**Work to be completed**
Give back every line of the data exactly. Pictures are not part of the copy.

**Stored data**

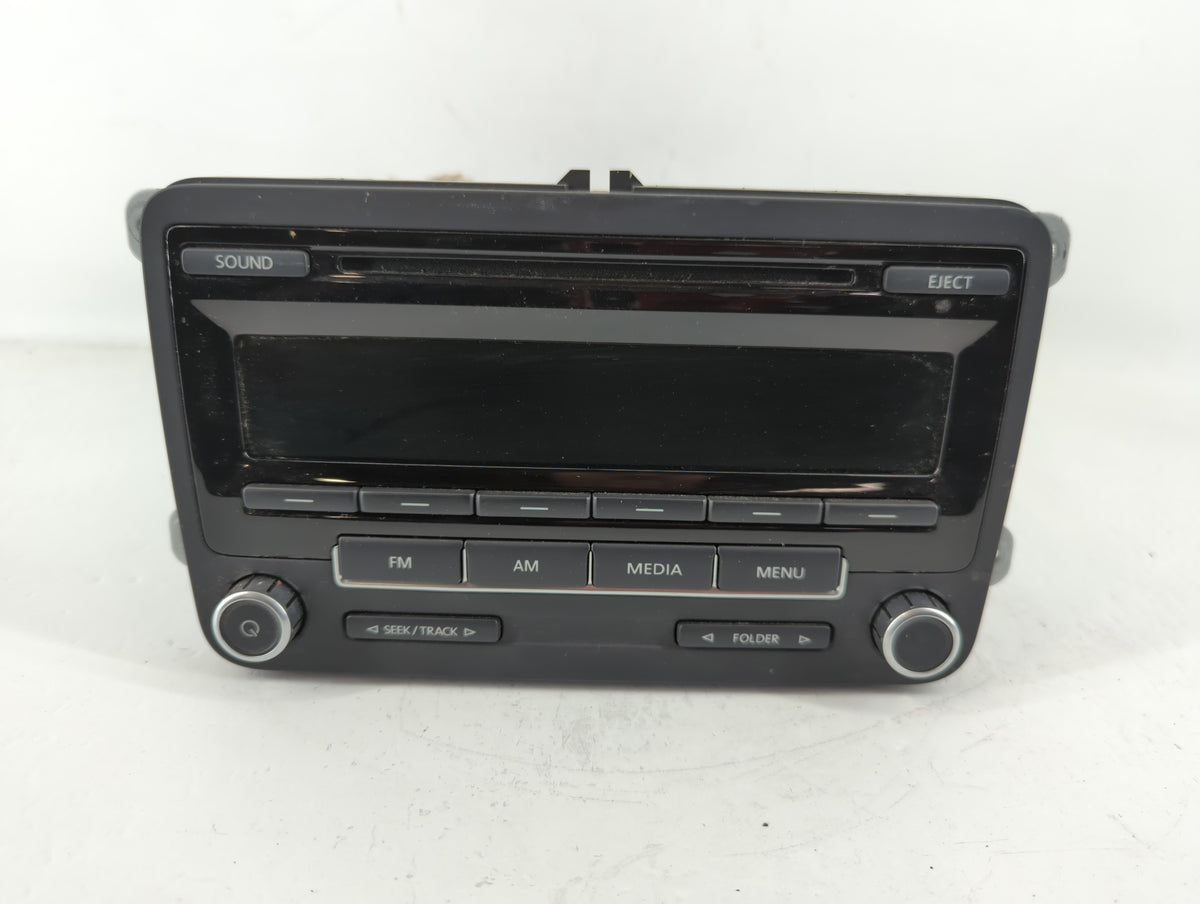 2011-2014 Volkswagen Jetta Radio AM FM Cd Player Receiver Replacement P/N:1K0 035 164 D Fits 2011 2012 2013 2014 2015 2016 O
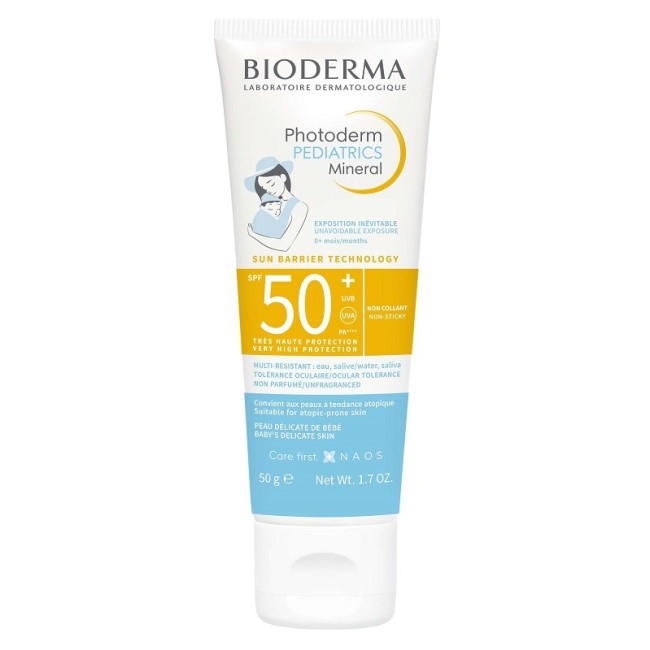 Photoderm Pediatric Mineral Spf50+ 50 Ml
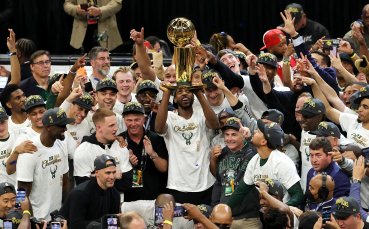 Милуоки стана шампион в националната баскетболна асоциация Отборът на Бъкс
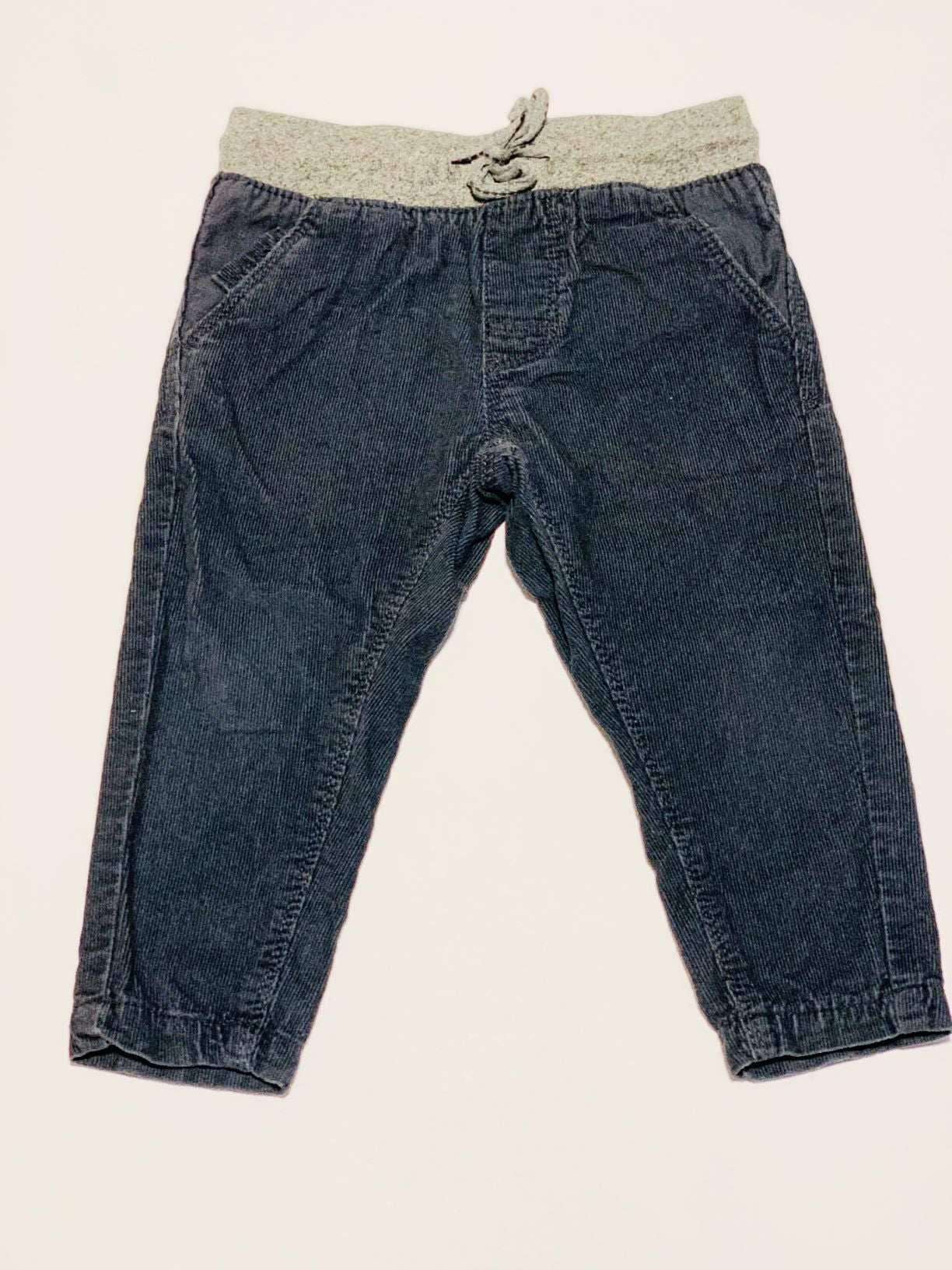 Navy corduroy pants - Size 1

**Written answer**
 2011-2014 Volkswagen Jetta Radio AM FM Cd Player Receiver Replacement P/N:1K0 035 164 D Fits 2011 2012 2013 2014 2015 2016 O
 Photoderm Pediatric Mineral Spf50+ 50 Ml
 Милуоки стана шампион в националната баскетболна асоциация Отборът на Бъкс
 Navy corduroy pants - Size 1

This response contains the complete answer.